WHAT TO DO:
Reproduce exactly the entries from the "I will scroll" line to the end. Skip all pictures.

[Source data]
···
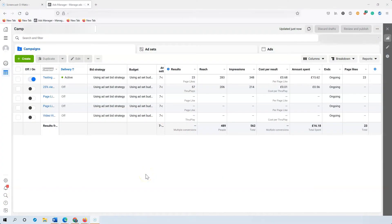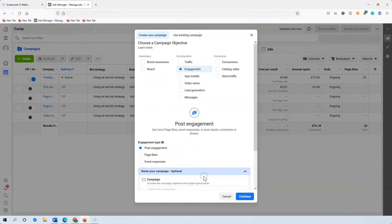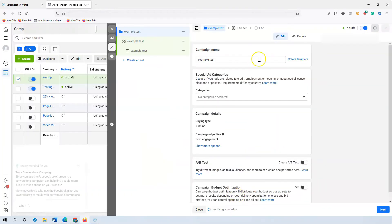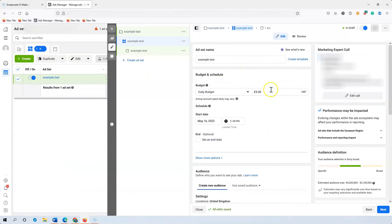So let's jump onto my screen — here we are in the Ads Manager in an example account. All you do is press Create. For this example engagement campaign, I'm going to choose Post Engagements. You can also go for Page Likes or Event Responses. I'll click Post Engagement and then name your campaign — I'll call it 'Example Test' — then click Continue. You can generally leave everything else alone at the campaign level; just make sure CBO is switched off, then press Next.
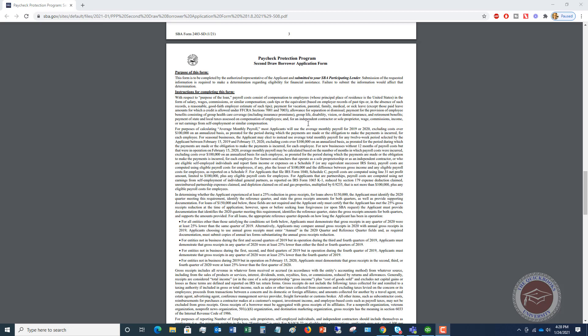Okay, and then for an independent contractor or sole proprietor, if you paid wages to employees or commissions, you can include those or net earnings from self-employment or similar compensation. So this is going to be your net Schedule C after all your expenses. Now one thing you have to keep in mind for calculating the average monthly payroll, you can use 2019 or 2020. So you want to look at 2019 and 2020 and determine which one is best for you, which one's going to give you the most money. And excluding costs over $100,000 on an annualized basis. So if you have an employee that makes $120,000, you can only include up to $100,000. All right. Now, there's some other instructions for seasonal businesses and some other instructions down here, definitely read through those. But these are the general rules.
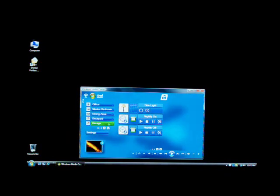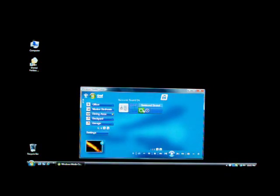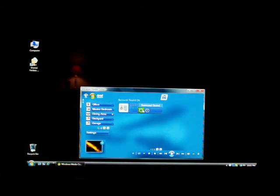I will scroll down to the dining room. I click on dining room. I click on surround sound and that turns on the light and the surround sound speakers.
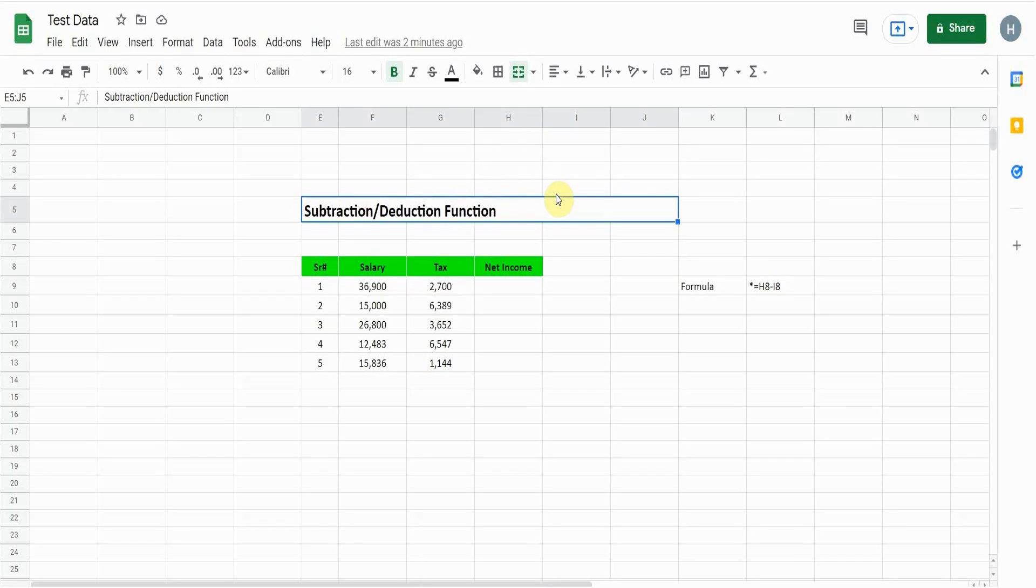Hello guys, welcome back to my YouTube channel Microsoft Office Learning. In this video I'm going to show you a very basic and simple formula in Google Sheets: the subtraction or deduction function, and how we can use this formula.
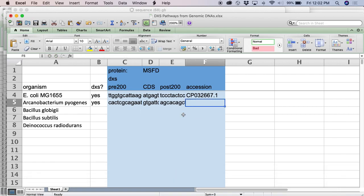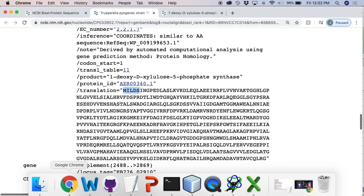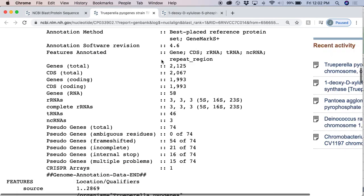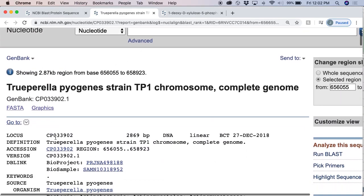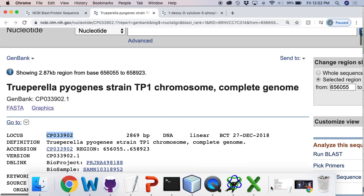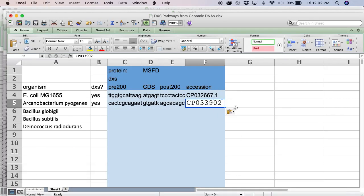The last bit here is we need to put in the extension number. That is just this number right here. Let me paste that in. And we are done.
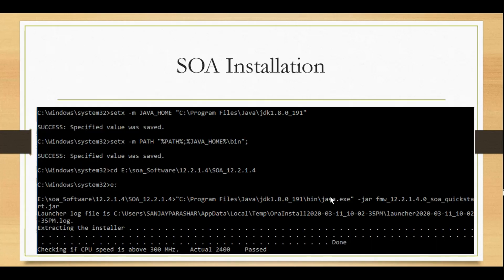We'll set the environment variables if not already set - that is java home and path - and then we will simply extract the first jar file.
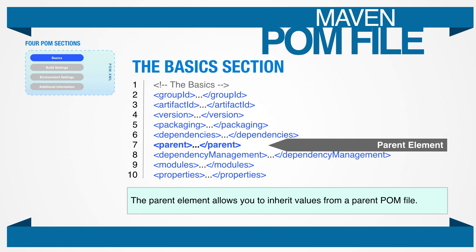The parent element is used for project inheritance — it's used when you want a project to inherit values from a parent POM. For example, if you're building several similar projects as part of a larger system and you don't want to repeat the dependencies, you can place all of the dependencies in a parent POM and then reference the parent POM in all the child POMs. A child POM will inherit all identifiers, but you must change at least the group ID or artifact ID. It will inherit all dependencies, the developers and contributions, the plugin list, the report lists, plugin executions, and plugin configurations.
···
EXERCISE SOLUTION:
I will scroll down to the dining room. I click on dining room. I click on surround sound and that turns on the light and the surround sound speakers.
Hello guys, welcome back to my YouTube channel Microsoft Office Learning. In this video I'm going to show you a very basic and simple formula in Google Sheets: the subtraction or deduction function, and how we can use this formula.
The last bit here is we need to put in the extension number. That is just this number right here. Let me paste that in. And we are done.
We'll set the environment variables if not already set - that is java home and path - and then we will simply extract the first jar file.
The parent element is used for project inheritance — it's used when you want a project to inherit values from a parent POM. For example, if you're building several similar projects as part of a larger system and you don't want to repeat the dependencies, you can place all of the dependencies in a parent POM and then reference the parent POM in all the child POMs. A child POM will inherit all identifiers, but you must change at least the group ID or artifact ID. It will inherit all dependencies, the developers and contributions, the plugin list, the report lists, plugin executions, and plugin configurations.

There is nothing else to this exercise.